# Heterogeneous Graph Attention Network
This notebook demonstrates the training of Heterogeneous Graph Attention Networks (HGAT) with TigerGraph ML Workbench. [Pytorch Geometric](https://pytorch-geometric.readthedocs.io)'s implementation of HGAT is used here. We train the model on the IMDB dataset from [PyG datasets](https://pytorch-geometric.readthedocs.io/en/latest/modules/datasets.html#torch_geometric.datasets.IMDB) with TigerGraph as the data store. The dataset contains 3 types of vertices: 4278 movies, 5257 actors, and 2081 directors; and 4 types of edges: 12828 actor to movie edges, 12828 movie to actor edges, 4278 director to movie edges, and 4278 movie to director edges. Each vertex is described by a 0/1-valued word vector indicating the absence/presence of the corresponding keywords from the plot (for movie) or from movies they participated (for actors and directors). Each movie is classified into one of three classes, action, comedy, and drama according to their genre. The goal is to predict the class of each movie in the graph.
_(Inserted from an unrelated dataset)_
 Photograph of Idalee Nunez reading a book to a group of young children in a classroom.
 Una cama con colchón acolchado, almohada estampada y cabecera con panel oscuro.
The following libraries are required to run this notebook. Uncomment to install them if necessary. You need to restart the kernel after installing.

In [None]:
#!pip install torch==1.12.0 --extra-index-url https://download.pytorch.org/whl/cpu
#!pip install torch-scatter==2.0.9 torch-sparse==0.6.14 torch-cluster==1.6.0 torch-spline-conv==1.2.1 torch-geometric==2.0.4 -f https://data.pyg.org/whl/torch-1.12.0+cpu.html
#!pip install pyTigerGraph[gds]
#!pip install tensorboard # If you use tensorboard for visualization later

## Table of Contents
* [Data Processing](#data_processing)  
* [Train on whole graph](#train_whole)  
* [Train on neighborhood subgraphs](#train_subgraph)  
* [Inference](#inference)

## Data Processing <a name="data_processing"></a>

### Connect to TigerGraph

The `TigerGraphConnection` class represents a connection to the TigerGraph database. Under the hood, it stores the necessary information to communicate with the database. It is able to perform quite a few database tasks. Please see its [documentation](https://docs.tigergraph.com/pytigergraph/current/intro/) for details.
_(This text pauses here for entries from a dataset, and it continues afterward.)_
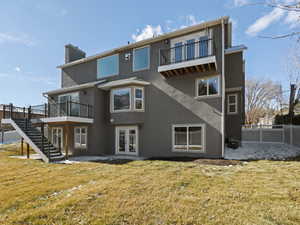 Back of house with french doors and a yard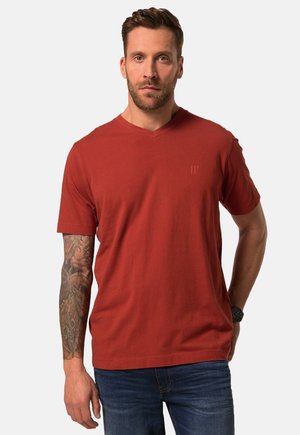 Rød v-hals t-shirt i bomuldsstof med korte ærmer, der har et subtilt logo print på venstre bryst. Sammen med mørke jeans.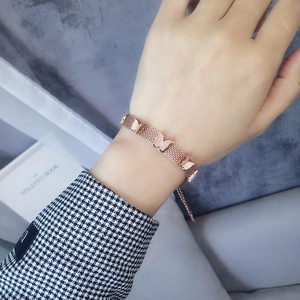 Gros plan d'un bracelet papillon en maille or rose porté au poignet pour femme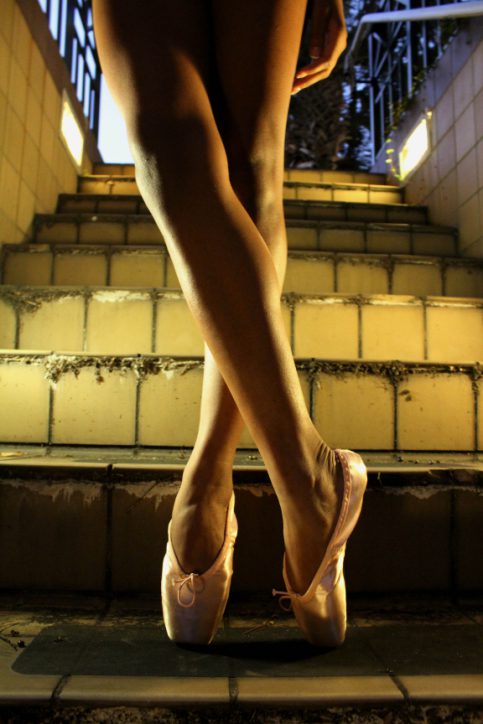 Photo of ballerina standing on toes.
To connect your database, modify the `config.json` file accompanying this notebook. Set the value of `getToken` based on whether token auth is enabled for your database. Token auth is always enabled for tgcloud databases. 

In [1]:
from pyTigerGraph import TigerGraphConnection
import json

# Read in DB configs
with open('../../config.json', "r") as config_file:
    config = json.load(config_file)
    
conn = TigerGraphConnection(
    host=config["host"],
    username=config["username"],
    password=config["password"]
)

### Ingest Data

In [2]:
from pyTigerGraph.datasets import Datasets

dataset = Datasets("imdb")

Downloading:   0%|          | 0/441353 [00:00<?, ?it/s]

In [3]:
conn.ingestDataset(dataset, getToken=config["getToken"])

---- Checking database ----
A graph with name imdb already exists in the database. Please drop it first before ingesting.


### Visualize Schema

In [4]:
from pyTigerGraph.visualization import drawSchema

drawSchema(conn.getSchema(force=True))

CytoscapeWidget(cytoscape_layout={'name': 'circle', 'animate': True, 'padding': 1}, cytoscape_style=[{'selecto…

### Basic Statistics

In [5]:
conn.getVertexCount('*')

{'Movie': 4278, 'Actor': 5257, 'Director': 2081}

In [6]:
conn.getEdgeCount()

{'actor_movie': 12828,
 'director_movie': 4278,
 'movie_actor': 12828,
 'movie_director': 4278}

### Train/validation/test split

In [5]:
# The code in this cell is commented out because there is no need to split the vertices into 
# training/validation/test sets, as the split is already done in the original dataset. 
# See notebook 1_data_processing for examples on the split function.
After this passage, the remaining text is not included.